Boye has a bachelor's degree in chemical engineering (University of Science and Technology, Ghana) and a Ph.D. in food science (Department of Food Science and Agricultural Chemistry, McGill University, Montreal, QC). After working with AAFC as a postdoctoral fellow for a year, she joined the department in 1997 as research scientist at the Food Research and Development Centre in St. Hyacinthe (Quebec) where she led a variety of research projects in the areas of value-added food processing, food safety and food quality. In addition to her research activities within AAFC, she also served as a senior policy analyst, program coordinator and Agri-Food sector strategy coordinator, and as acting director of research, development and technology transfer of AAFC's research and development centres at Fredericton, Kentville and St-John's. She was also an adjunct professor at the Department of Bioresource Engineering, McGill University.

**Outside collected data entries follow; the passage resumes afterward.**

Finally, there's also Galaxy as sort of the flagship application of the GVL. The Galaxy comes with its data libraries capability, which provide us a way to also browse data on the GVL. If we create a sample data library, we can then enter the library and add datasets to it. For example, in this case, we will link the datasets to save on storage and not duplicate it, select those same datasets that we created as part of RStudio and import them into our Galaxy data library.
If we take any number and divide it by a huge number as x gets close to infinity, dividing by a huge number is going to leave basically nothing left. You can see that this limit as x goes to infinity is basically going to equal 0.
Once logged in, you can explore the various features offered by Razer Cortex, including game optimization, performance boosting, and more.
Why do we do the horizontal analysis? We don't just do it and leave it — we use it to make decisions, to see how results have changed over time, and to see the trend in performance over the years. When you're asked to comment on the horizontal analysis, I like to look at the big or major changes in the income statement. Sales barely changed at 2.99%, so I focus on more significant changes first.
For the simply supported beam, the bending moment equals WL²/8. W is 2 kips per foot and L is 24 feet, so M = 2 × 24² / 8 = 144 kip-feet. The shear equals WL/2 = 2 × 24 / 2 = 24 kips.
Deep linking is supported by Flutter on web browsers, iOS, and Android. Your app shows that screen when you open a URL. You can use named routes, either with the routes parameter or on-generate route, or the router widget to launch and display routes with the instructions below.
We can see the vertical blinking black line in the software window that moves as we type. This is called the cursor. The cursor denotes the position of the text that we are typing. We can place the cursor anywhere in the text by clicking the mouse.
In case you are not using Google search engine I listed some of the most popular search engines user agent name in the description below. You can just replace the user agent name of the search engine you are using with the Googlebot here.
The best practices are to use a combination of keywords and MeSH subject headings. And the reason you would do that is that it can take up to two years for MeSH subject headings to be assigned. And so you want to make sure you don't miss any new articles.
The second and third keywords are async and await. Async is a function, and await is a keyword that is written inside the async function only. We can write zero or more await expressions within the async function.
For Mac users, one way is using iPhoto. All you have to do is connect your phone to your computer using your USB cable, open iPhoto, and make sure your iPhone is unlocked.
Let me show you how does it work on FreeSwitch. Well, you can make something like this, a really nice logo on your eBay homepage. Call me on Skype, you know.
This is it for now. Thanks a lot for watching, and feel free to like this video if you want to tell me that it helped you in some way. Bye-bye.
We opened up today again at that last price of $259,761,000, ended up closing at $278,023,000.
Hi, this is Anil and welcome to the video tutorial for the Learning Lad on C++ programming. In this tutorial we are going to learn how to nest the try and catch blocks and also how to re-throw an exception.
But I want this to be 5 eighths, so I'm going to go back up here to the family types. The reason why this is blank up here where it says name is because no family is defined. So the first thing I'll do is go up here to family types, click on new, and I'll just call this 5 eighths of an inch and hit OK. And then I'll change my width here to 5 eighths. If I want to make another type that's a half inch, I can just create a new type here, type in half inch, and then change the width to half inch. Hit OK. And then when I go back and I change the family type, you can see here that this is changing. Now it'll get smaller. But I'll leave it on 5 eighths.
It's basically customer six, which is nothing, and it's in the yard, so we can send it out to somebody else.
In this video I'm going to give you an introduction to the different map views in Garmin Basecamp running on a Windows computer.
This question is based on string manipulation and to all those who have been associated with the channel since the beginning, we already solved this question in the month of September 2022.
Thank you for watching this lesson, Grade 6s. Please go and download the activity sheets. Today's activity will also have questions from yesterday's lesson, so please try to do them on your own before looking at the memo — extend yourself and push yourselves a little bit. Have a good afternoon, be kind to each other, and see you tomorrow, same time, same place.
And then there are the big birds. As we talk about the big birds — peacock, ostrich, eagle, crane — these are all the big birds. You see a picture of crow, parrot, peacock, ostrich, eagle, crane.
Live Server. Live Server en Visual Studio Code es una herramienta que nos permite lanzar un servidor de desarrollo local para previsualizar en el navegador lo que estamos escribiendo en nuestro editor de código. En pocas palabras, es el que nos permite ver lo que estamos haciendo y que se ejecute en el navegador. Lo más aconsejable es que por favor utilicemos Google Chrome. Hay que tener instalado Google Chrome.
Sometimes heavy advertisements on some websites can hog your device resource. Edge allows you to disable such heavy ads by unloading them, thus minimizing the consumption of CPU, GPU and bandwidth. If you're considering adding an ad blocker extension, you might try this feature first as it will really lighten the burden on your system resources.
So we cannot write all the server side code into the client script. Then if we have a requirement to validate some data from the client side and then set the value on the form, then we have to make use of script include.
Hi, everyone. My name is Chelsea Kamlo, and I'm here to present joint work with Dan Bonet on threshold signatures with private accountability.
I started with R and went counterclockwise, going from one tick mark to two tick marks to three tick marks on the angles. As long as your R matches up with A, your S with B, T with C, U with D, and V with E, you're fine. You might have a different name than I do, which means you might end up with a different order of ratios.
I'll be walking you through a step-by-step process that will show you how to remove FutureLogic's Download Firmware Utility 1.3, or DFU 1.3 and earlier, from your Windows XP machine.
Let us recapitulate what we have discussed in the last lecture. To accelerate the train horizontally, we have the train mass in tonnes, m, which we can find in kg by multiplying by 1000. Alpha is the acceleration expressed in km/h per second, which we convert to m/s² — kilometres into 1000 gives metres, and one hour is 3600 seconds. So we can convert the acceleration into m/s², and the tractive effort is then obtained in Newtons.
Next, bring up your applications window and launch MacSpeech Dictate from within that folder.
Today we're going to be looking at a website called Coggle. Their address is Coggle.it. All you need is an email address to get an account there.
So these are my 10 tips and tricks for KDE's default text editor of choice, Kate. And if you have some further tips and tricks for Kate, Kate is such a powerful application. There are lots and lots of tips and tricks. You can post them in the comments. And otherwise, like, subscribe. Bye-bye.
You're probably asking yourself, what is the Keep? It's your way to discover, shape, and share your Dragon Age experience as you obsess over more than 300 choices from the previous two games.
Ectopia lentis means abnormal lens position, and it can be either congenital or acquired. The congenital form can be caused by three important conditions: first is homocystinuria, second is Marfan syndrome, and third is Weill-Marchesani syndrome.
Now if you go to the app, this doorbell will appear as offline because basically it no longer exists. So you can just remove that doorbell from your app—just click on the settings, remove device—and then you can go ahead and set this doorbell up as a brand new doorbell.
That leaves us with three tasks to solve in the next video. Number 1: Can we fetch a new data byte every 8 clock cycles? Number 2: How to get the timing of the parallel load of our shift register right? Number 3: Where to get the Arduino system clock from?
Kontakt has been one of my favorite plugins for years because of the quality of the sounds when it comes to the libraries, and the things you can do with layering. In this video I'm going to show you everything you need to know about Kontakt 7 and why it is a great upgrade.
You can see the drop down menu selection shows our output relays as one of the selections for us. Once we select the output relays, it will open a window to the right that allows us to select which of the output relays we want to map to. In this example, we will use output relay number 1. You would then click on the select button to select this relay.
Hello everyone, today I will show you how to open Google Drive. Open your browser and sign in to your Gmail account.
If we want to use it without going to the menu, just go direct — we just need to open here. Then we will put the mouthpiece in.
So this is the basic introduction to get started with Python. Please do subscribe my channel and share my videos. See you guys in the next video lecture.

Boye was Director General for Agriculture and Agri-Food Canada's Science and Technology Branch in the Prairie region from 2019 to 2023. She is currently Director General for the Food Directorate, Health Products and Food Branch of Health Canada.

==Career==

Boye has worked extensively on pulses (peas, lentils, chickpeas, beans), soybeans, soy-based products and canola, in collaboration with the private sector to develop new processing techniques and new food products. Her projects have resulted in the development of several declarations of inventions, novel food products and license agreements between AAFC and the collaborating companies.
She has authored/co-authored over 275 scientific and technical papers/reports/lectures including 85 peer-reviewed scientific papers and 29 book chapters and is editor/co-editor of 4 scientific books.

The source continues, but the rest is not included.